REQUIRED ACTION -
Write out each record exactly and skip every image.

RECORD SET -
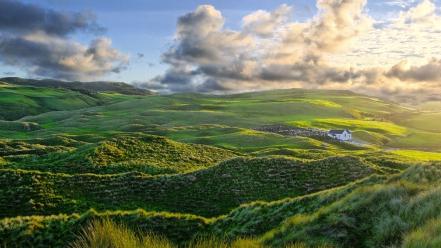 White grass houses hills ireland light blue wallpaper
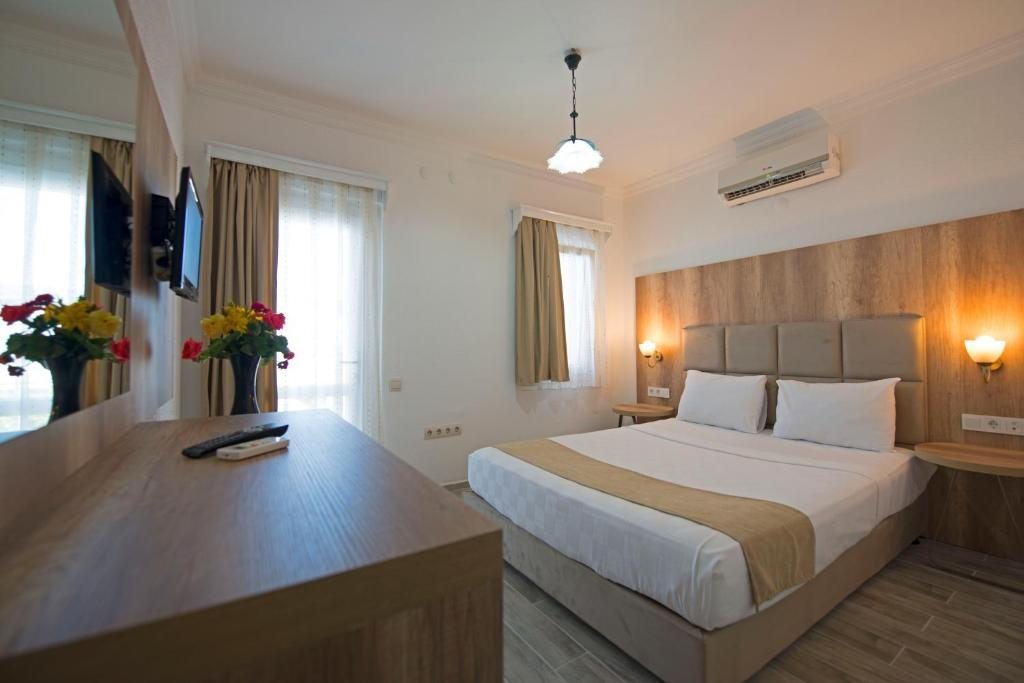 Двухместный (Стандартный двухместный номер с 1 кроватью или 2 отдельными кроватями) отеля Costa Maya Bodrum, Бодрум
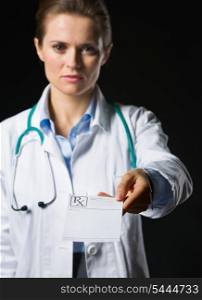 Closeup on medical doctor woman giving prescription isolated on black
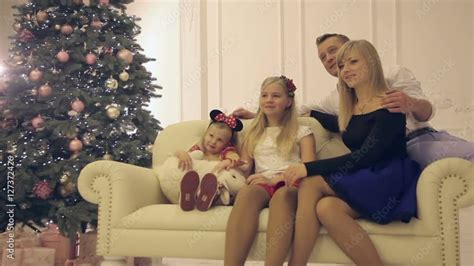 Christmas family photo shoot indoors Stock Video | Adobe Stock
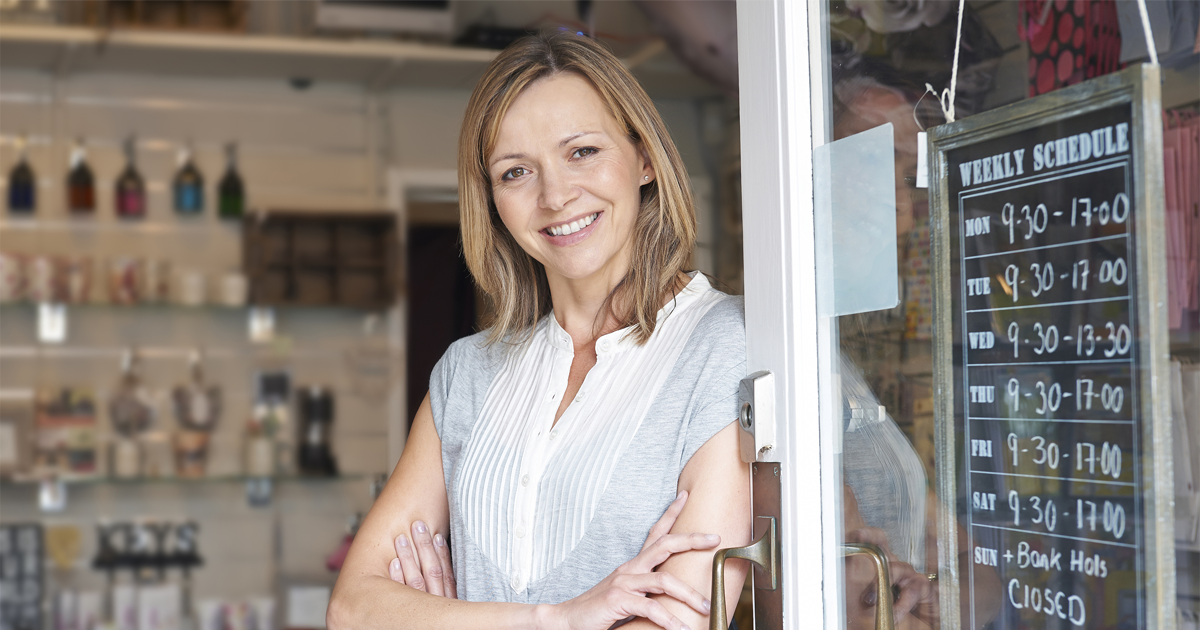 Owner Of Gift Shop Standing In Doorway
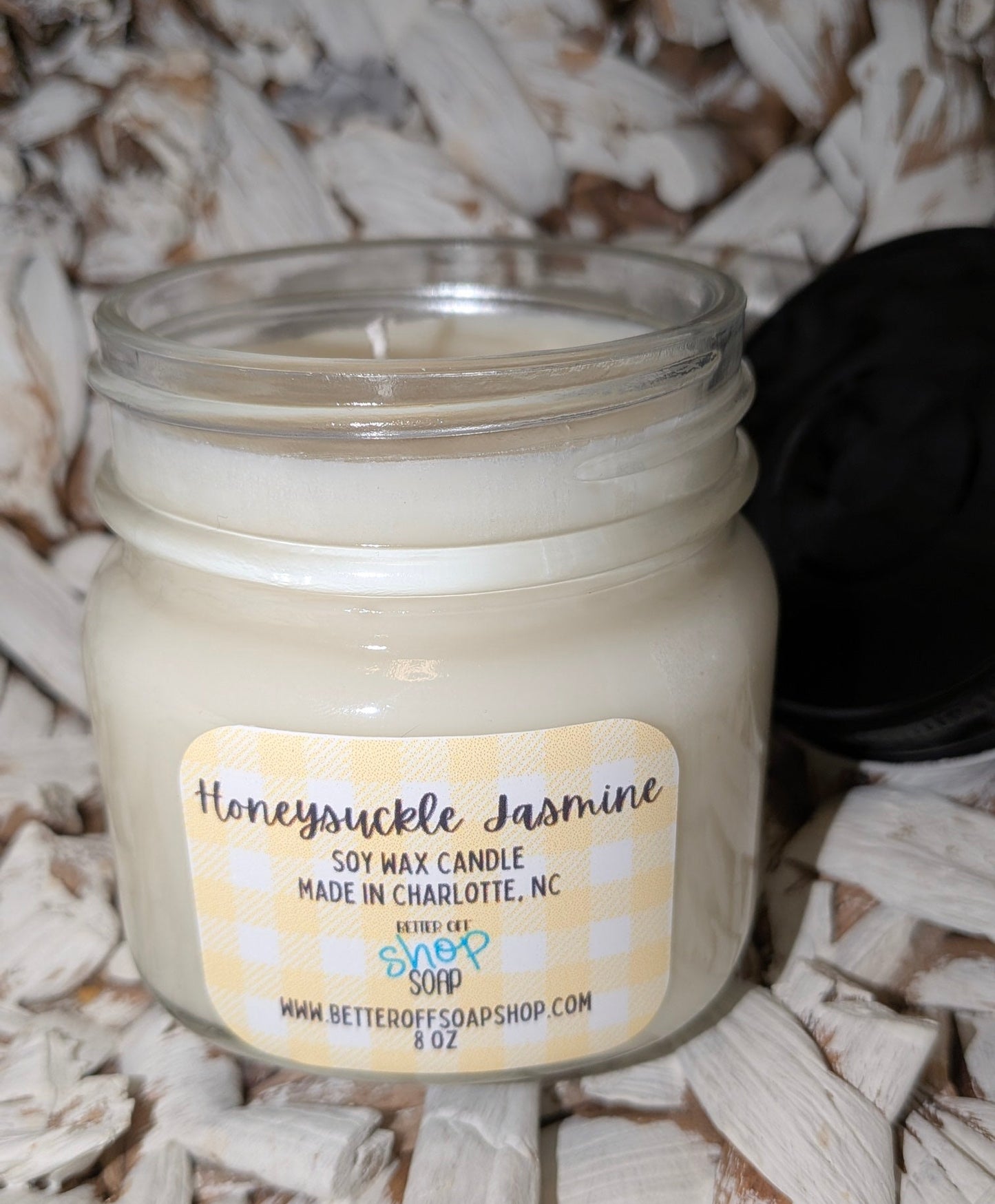 Jar candle labeled 'Honeysuckle Jasmine' on a textured surface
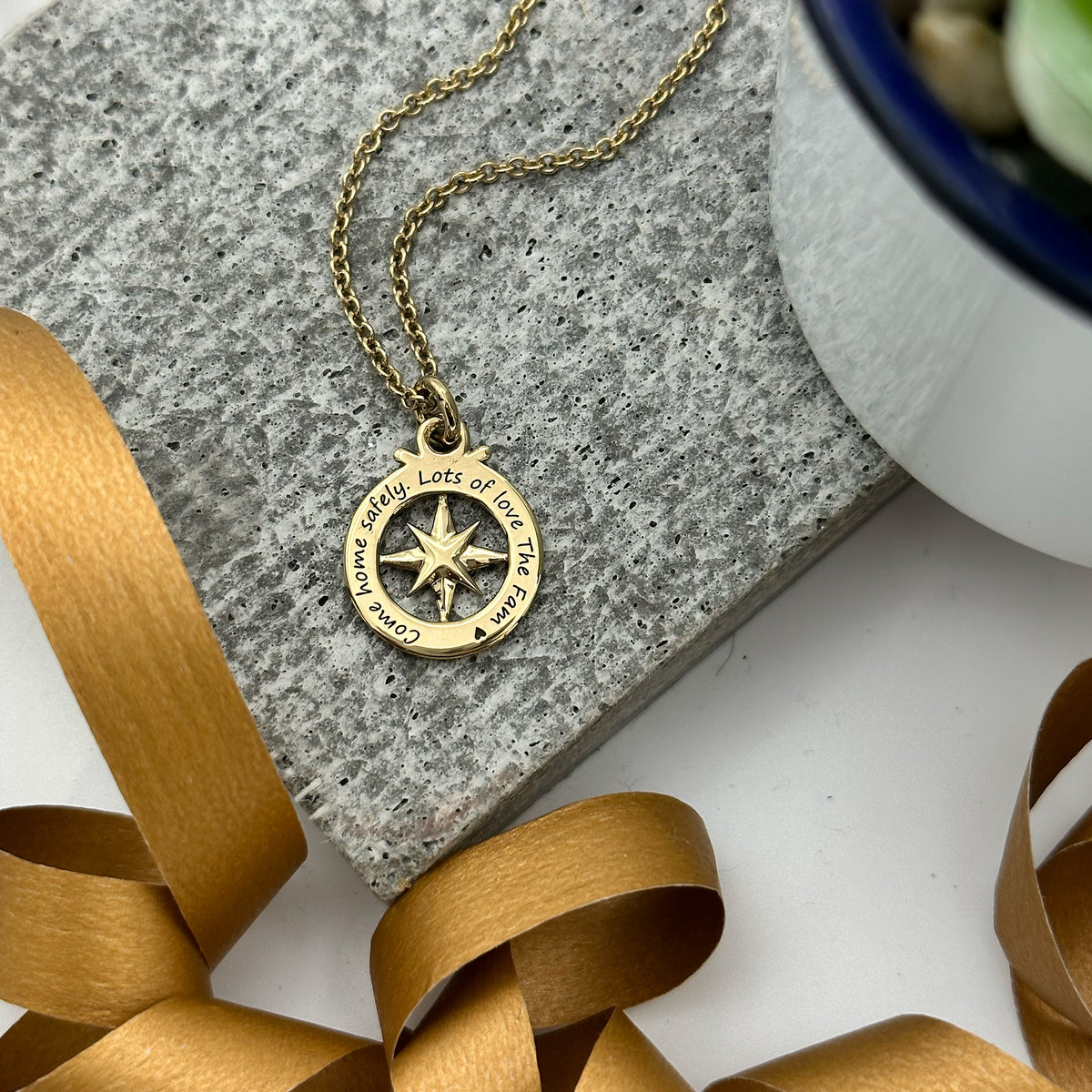 engraved back of gold plated outline compass necklace on trace chain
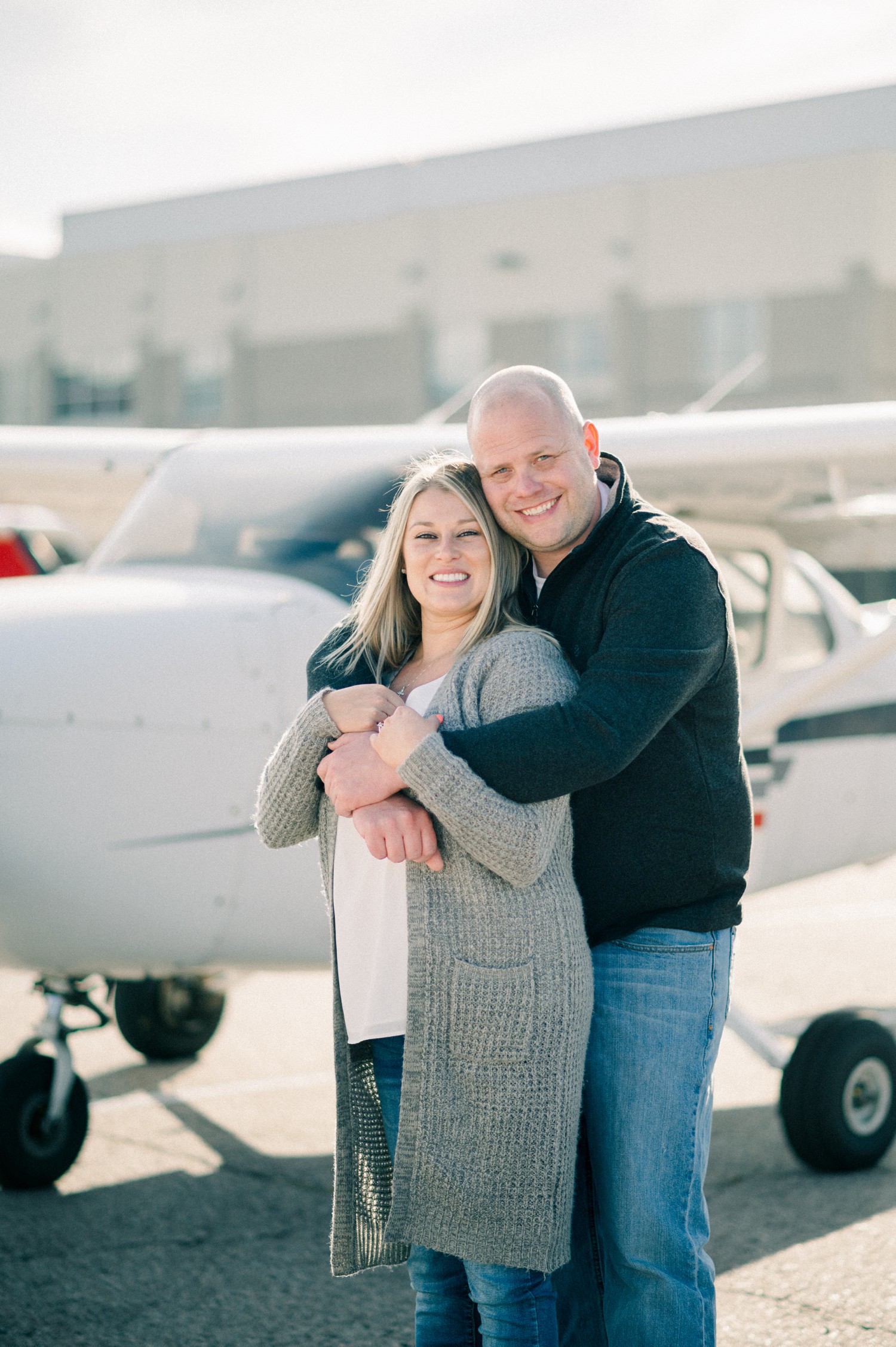 Couple engagement photos in front of airplane in Denver.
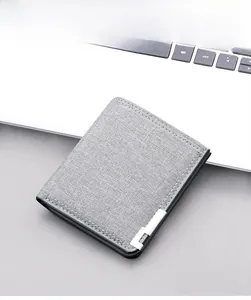 Close-up of slim grey canvas wallet for men featuring minimalist metallic detail in office setting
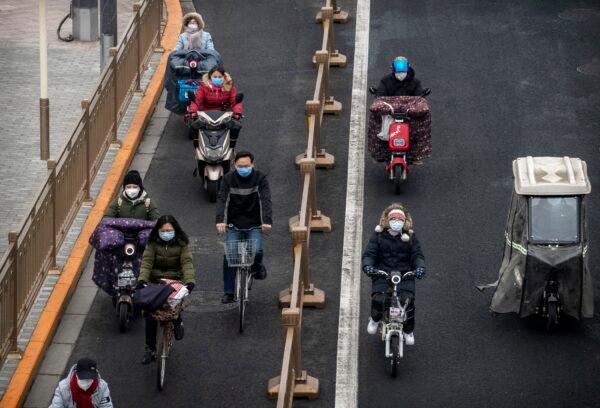 Chinese commuters, all wearing protective masks, ride bikes and scooters as they cross an intersection in rush hour in Beijing on Feb. 24, 2020. (Kevin Frayer/Getty Images)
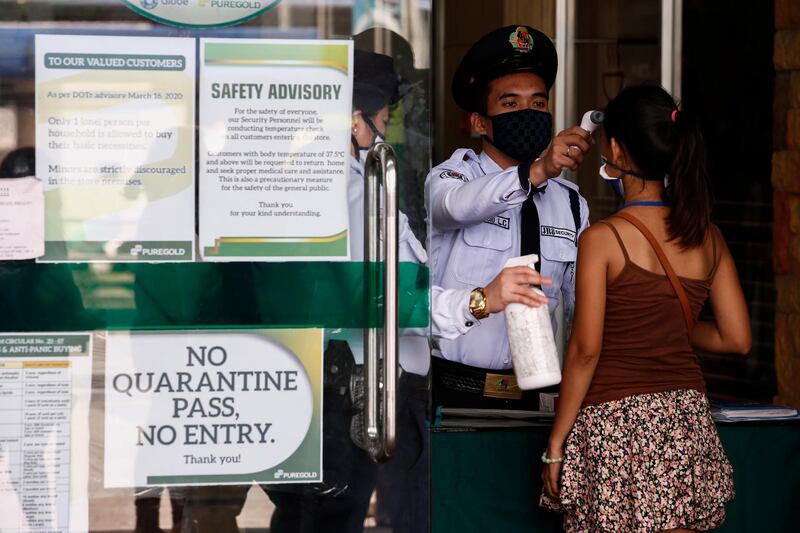 A security guard conducts a thermal check on a woman at a supermarket in Quezon City, Metro Manila, Philippines. EPA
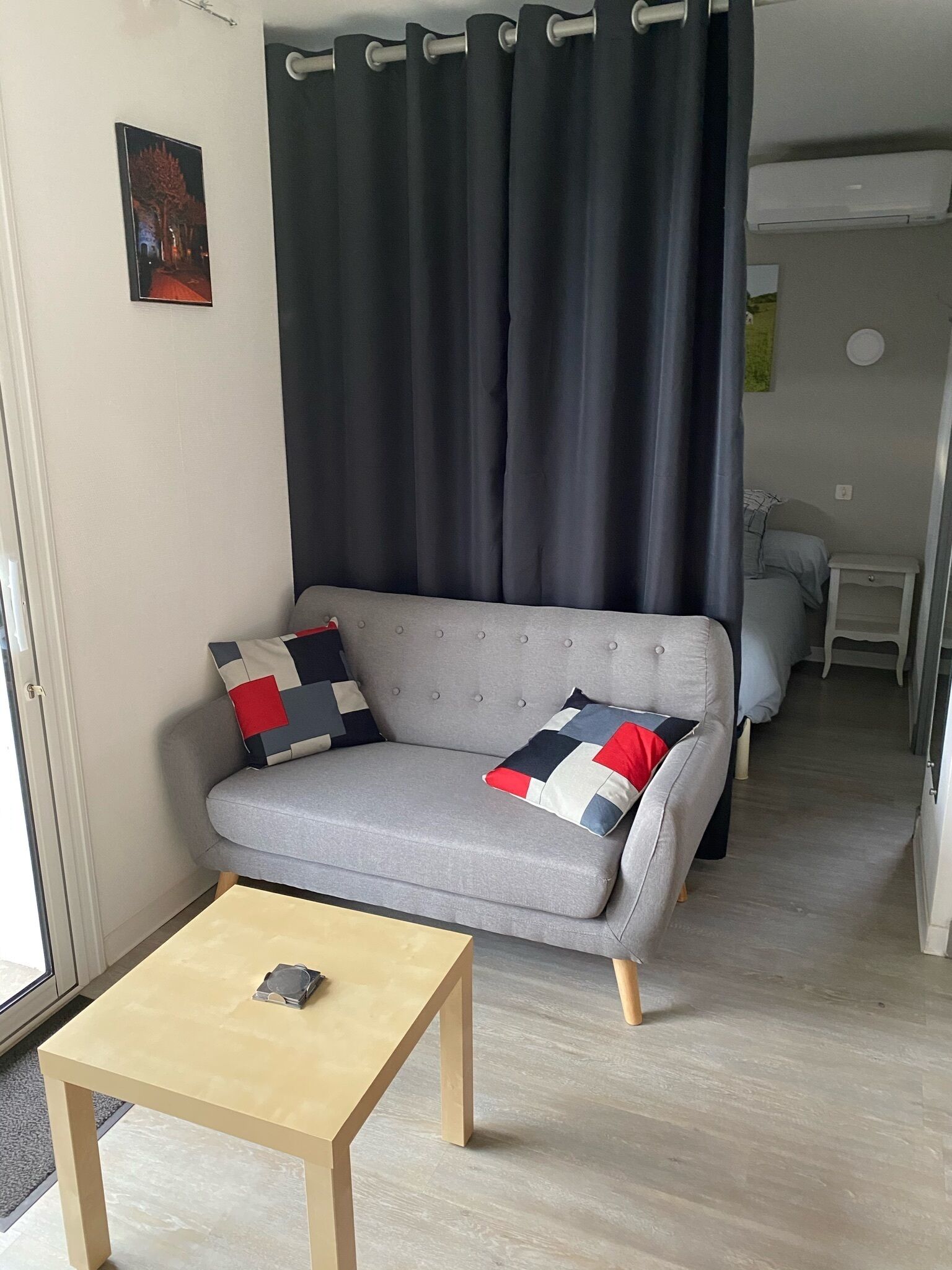 Ein Wohnzimmer mit grauem Sofa, zwei gemusterten Kissen, einem Holztisch und einem dunklen Vorhang.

ANSWER BELOW -
 White grass houses hills ireland light blue wallpaper
 Двухместный (Стандартный двухместный номер с 1 кроватью или 2 отдельными кроватями) отеля Costa Maya Bodrum, Бодрум
 Closeup on medical doctor woman giving prescription isolated on black
 Christmas family photo shoot indoors Stock Video | Adobe Stock
 Owner Of Gift Shop Standing In Doorway
 Jar candle labeled 'Honeysuckle Jasmine' on a textured surface
 engraved back of gold plated outline compass necklace on trace chain
 Couple engagement photos in front of airplane in Denver.
 Close-up of slim grey canvas wallet for men featuring minimalist metallic detail in office setting
 Chinese commuters, all wearing protective masks, ride bikes and scooters as they cross an intersection in rush hour in Beijing on Feb. 24, 2020. (Kevin Frayer/Getty Images)
 A security guard conducts a thermal check on a woman at a supermarket in Quezon City, Metro Manila, Philippines. EPA
 Ein Wohnzimmer mit grauem Sofa, zwei gemusterten Kissen, einem Holztisch und einem dunklen Vorhang.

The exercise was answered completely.